One of the most popular ways to weight words (beyond frequency counts) is `tf-idf score`. By offsetting the frequency of a word by its document frequency (the number of documents in which it appears) will in theory filter out common terms such as 'the', 'of', and 'and'.

Traditionally, the inverse document frequency is calculated as such:

number_of_documents / number_documents_with_term

so:

tfidf_word1 = word1_frequency_document1 * (number_of_documents / number_document_with_word1)

You can, and often should, normalize the numerator: 

tfidf_word1 = (word1_frequency_document1 / word_count_document1) * (number_of_documents / number_document_with_word1)

We can calculate this manually, but scikit-learn has a built-in function to do so. This function also uses log frequencies, so the numbers will not correspond excactly to the calculations above. We'll use the [scikit-learn calculation](http://scikit-learn.org/stable/modules/generated/sklearn.feature_extraction.text.TfidfVectorizer.html), but a challenge for you: use Pandas to calculate this manually.

In [None]:
whitespace_pattern = r'\s+'
clean = [re.sub(url_pattern, URL_SIGN, t) for t in tweets]
clean = [re.sub(hashtag_pattern, HASHTAG_SIGN, t) for t in clean]
clean = [re.sub(digit_pattern, DIGIT_SIGN, t) for t in clean]
clean = [re.sub(whitespace_pattern, ' ', t) for t in clean]
clean[:4]

In [None]:
music = read_music()
music[:5]

In [None]:
def remove_digit(comment):
    return ''.join([ch for ch in comment if not ch.isdigit()])

no_digits = [remove_digit(comment) for comment in music]

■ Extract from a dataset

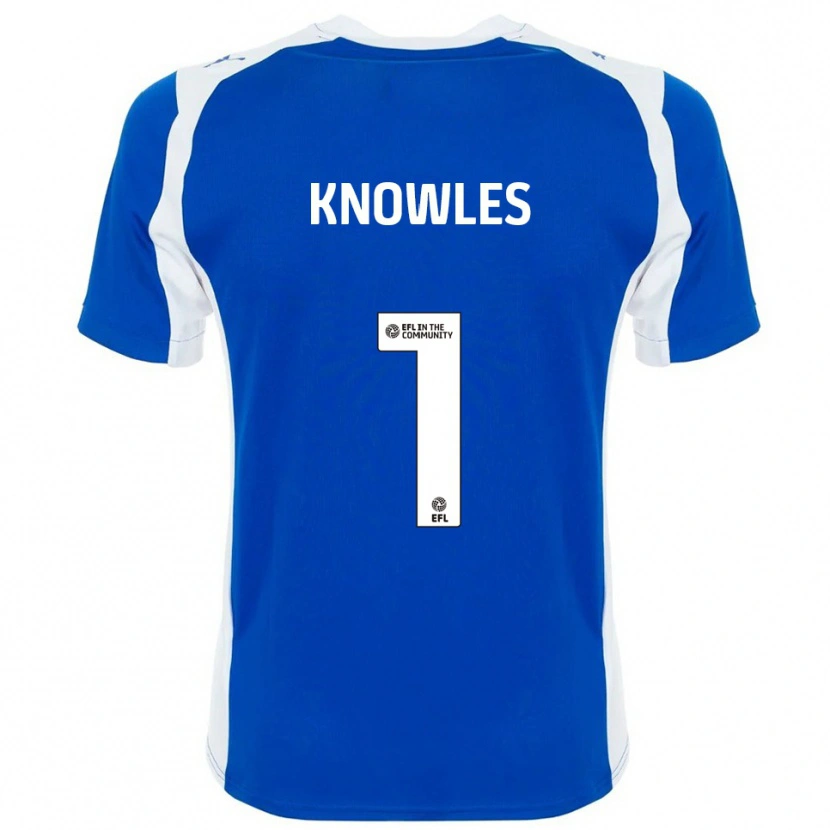 Danxen Hombre Camiseta Amelia Knowles #1 Azul Blanco 1ª Equipación 2025/26 La Camisa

### TF-IDFVectorizer Function

In [None]:
from sklearn.feature_extraction.text import TfidfVectorizer

tfidfvec = TfidfVectorizer()
sparse_tfidf = tfidfvec.fit_transform(no_digits)
sparse_tfidf

In [None]:
tfidf = pd.DataFrame(sparse_tfidf.toarray(), columns=tfidfvec.get_feature_names())
tfidf.head()

### Identifying Distinctive Words

What can we do with this? These scores are best used when you want to identify distinctive words for individual documents, or groups of documents, compared to other groups or the corpus as a whole. To illustrate this, let's compare three genres and identify the most distinctive words by genre.

First we add in a column of genre.

In [None]:
fname = os.path.join(DATA_DIR, 'music_reviews.csv')
reviews = pd.read_csv(fname, sep='\t')

tfidf['genre_'] = reviews['genre']
tfidf.head()

In [None]:
rap = tfidf[tfidf['genre_']=='Rap']
indie = tfidf[tfidf['genre_']=='Indie']
jazz = tfidf[tfidf['genre_']=='Jazz']

rap.max(numeric_only=True).sort_values(ascending=False).head()

In [None]:
indie.max(numeric_only=True).sort_values(ascending=False).head()

In [None]:
jazz.max(numeric_only=True).sort_values(ascending=False).head()

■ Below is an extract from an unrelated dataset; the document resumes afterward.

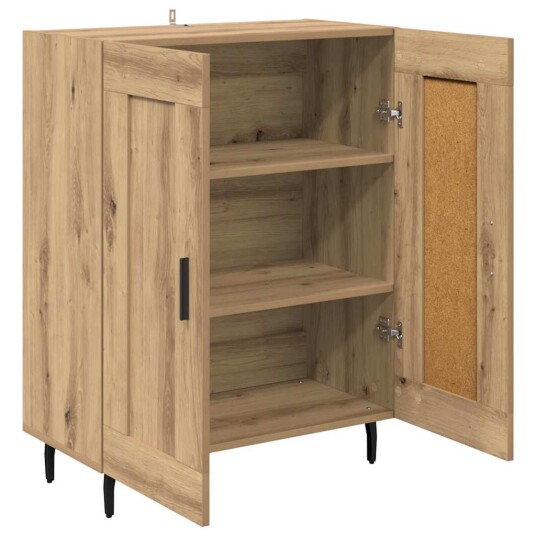 Serviesskap Artisan Eik 69,5 x 34 x 90 cm Ingeniørtre og jern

There we go! A method of identifying distinctive words. You notice there are some proper nouns in there. How might we remove those if we're not interested in them?

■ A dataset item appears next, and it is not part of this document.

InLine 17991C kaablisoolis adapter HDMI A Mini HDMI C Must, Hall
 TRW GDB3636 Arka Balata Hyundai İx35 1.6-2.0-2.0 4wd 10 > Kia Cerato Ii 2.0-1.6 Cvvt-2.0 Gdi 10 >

### Difference of proportions

A simple way to calculate distinctive words in two texts (see also TF-IDF in day 2 notebook) is to calculate the words with the highest and lowest difference or proportions. In theory frequent words like 'the' and 'of' will have a small difference. In practice this doesn't happen.

To demonstrate this we will run a difference of proportion calculation on *Pride and Prejudice* and *A Garland for Girls*.

To get the text in shape for scikit-learn we need to creat a list object with each novel as an element in a list. We'll use the append function to do this.

In [None]:
import nltk

text_list = []
#open and read the novels, save them as variables
austen_string = open('../day-2/data/Austen_PrideAndPrejudice.txt', encoding='utf-8').read()
alcott_string = open('../day-2/data/Alcott_GarlandForGirls.txt', encoding='utf-8').read()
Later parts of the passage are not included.